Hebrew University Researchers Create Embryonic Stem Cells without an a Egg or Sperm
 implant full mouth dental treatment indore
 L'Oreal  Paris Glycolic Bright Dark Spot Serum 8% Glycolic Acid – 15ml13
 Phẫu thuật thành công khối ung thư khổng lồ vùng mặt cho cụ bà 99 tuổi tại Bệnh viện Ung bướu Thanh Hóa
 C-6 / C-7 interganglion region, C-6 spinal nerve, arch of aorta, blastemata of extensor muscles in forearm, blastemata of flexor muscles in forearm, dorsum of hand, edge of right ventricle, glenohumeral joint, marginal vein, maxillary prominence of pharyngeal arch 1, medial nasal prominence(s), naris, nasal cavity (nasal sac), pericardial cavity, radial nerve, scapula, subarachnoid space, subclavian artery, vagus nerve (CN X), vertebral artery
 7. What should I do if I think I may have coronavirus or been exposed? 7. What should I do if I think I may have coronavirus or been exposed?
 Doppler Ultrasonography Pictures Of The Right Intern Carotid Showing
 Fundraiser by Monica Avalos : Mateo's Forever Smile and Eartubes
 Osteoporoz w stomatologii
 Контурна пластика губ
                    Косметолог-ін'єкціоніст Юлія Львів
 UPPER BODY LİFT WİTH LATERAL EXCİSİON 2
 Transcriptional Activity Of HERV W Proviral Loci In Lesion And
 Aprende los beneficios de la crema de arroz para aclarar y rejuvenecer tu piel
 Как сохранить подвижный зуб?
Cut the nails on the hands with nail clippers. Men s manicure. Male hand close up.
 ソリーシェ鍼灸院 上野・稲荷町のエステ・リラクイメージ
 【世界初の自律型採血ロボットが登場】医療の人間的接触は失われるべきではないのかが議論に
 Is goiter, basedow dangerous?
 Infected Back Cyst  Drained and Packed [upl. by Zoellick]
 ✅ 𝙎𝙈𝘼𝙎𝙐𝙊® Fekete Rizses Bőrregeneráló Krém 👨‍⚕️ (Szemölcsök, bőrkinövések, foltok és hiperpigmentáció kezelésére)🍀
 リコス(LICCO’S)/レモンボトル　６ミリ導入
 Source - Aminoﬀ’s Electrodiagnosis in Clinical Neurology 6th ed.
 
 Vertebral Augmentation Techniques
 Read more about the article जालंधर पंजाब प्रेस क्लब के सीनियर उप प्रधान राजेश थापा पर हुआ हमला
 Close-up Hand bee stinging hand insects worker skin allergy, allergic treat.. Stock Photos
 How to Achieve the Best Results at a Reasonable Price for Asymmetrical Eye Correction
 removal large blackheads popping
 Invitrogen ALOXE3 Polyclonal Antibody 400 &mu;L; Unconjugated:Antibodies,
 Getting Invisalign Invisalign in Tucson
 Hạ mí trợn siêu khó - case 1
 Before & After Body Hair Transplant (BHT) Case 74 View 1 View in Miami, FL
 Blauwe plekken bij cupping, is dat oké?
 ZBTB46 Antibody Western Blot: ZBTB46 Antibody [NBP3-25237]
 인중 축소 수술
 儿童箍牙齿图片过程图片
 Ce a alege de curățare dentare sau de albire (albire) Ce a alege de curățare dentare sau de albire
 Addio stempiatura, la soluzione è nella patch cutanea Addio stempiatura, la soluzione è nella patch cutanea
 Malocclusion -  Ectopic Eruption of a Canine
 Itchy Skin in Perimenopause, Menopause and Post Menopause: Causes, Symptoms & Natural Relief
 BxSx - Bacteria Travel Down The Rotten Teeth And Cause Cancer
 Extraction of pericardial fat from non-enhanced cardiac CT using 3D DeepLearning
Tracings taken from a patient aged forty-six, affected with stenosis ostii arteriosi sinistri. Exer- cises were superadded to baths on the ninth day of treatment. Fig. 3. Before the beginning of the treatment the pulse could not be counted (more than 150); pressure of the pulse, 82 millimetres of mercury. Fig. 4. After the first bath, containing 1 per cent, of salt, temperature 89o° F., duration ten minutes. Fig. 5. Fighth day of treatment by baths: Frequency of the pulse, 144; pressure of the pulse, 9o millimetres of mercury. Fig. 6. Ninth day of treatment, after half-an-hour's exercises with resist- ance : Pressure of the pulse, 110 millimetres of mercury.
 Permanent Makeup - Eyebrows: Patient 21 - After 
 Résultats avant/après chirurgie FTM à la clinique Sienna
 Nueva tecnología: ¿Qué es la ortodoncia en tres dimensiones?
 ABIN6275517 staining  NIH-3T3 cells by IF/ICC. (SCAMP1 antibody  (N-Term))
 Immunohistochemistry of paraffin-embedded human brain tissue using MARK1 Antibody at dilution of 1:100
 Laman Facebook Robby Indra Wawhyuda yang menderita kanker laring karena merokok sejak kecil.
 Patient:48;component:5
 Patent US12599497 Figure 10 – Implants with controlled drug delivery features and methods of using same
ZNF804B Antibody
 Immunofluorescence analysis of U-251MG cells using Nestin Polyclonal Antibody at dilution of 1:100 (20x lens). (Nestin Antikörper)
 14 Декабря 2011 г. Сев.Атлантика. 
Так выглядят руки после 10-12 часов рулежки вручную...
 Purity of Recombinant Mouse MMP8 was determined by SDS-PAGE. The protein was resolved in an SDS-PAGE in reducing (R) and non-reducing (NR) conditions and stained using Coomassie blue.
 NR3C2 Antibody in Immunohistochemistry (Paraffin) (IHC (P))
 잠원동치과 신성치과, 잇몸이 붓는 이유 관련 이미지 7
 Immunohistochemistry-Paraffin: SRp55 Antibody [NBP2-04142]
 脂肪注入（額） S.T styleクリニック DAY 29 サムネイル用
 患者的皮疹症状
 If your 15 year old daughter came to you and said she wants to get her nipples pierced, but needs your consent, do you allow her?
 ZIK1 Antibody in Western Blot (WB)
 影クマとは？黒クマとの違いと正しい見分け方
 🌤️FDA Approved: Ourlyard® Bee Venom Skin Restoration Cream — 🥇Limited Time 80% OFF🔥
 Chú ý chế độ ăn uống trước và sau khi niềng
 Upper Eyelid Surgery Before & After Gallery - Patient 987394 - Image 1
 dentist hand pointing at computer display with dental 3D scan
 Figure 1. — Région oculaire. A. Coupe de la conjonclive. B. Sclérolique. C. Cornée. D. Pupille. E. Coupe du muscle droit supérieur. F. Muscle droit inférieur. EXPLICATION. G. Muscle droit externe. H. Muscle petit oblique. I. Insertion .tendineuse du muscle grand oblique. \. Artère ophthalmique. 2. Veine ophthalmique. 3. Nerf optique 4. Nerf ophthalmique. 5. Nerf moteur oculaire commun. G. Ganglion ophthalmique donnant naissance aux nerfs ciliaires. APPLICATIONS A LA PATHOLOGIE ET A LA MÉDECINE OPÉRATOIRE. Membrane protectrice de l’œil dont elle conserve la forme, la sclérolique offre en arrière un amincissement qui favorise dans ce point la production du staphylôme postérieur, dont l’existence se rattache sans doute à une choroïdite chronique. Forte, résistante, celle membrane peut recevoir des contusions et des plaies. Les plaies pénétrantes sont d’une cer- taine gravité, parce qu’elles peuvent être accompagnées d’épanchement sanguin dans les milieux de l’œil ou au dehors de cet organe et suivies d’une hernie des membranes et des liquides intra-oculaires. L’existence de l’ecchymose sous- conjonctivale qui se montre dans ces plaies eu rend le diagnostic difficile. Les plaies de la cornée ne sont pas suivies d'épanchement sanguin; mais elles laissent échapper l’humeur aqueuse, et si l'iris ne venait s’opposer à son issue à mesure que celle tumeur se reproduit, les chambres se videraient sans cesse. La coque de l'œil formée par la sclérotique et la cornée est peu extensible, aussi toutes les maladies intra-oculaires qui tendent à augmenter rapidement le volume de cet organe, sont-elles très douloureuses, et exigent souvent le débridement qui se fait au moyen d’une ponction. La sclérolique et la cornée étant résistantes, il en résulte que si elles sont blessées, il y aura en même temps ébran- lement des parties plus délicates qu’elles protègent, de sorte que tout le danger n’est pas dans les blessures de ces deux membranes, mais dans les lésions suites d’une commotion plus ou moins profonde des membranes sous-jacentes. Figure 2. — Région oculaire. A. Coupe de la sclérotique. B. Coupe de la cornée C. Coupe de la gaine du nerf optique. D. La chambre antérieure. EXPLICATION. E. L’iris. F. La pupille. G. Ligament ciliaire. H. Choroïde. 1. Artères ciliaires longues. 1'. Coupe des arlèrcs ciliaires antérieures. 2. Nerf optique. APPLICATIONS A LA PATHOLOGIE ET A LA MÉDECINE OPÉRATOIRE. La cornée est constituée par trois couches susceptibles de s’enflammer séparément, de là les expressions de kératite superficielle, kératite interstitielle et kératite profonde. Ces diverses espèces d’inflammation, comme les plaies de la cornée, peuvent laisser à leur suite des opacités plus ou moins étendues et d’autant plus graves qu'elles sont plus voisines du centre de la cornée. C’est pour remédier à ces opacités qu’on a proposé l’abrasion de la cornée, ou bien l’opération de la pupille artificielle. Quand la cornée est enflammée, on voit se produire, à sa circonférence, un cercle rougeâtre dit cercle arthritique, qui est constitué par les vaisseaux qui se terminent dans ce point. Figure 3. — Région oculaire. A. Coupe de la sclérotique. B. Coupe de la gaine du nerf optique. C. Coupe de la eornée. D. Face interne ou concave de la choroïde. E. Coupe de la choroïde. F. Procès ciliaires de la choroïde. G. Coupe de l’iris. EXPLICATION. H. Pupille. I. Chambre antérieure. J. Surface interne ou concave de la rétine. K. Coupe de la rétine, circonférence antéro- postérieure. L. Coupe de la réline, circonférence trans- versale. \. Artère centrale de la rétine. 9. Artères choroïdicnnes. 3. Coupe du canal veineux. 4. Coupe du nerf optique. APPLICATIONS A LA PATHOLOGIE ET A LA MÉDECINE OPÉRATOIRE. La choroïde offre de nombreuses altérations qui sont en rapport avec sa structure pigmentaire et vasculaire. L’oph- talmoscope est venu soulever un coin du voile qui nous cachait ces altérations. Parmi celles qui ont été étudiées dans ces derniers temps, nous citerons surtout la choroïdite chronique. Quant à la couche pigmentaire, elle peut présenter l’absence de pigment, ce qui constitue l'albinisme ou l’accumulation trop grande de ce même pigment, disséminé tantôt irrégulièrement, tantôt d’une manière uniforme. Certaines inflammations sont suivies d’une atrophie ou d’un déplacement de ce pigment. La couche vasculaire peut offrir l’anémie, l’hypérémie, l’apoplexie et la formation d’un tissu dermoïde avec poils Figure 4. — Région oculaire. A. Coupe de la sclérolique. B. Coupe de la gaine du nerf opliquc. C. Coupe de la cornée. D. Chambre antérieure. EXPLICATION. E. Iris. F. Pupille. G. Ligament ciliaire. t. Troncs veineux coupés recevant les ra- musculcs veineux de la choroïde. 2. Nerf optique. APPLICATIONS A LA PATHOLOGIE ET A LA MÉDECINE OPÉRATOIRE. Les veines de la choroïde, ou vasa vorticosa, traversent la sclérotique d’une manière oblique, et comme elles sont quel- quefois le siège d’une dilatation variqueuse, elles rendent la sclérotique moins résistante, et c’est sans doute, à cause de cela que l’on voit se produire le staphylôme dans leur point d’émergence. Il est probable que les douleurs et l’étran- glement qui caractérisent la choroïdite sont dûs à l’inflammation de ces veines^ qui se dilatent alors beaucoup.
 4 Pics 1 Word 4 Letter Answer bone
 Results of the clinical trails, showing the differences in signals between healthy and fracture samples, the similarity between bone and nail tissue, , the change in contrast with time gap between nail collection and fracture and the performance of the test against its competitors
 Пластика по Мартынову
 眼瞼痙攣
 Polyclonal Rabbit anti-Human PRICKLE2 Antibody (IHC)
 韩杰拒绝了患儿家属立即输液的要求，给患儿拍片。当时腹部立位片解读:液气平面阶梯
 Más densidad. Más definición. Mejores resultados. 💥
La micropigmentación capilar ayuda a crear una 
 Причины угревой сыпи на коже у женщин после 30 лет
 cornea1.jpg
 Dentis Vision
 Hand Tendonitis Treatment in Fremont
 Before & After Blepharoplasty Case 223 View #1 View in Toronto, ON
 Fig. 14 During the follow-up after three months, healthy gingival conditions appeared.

....

Aim of the exercise →
Whenever the string "Results" appears on a line of the material, that line counts; report the count and nothing else.

Answer below →
2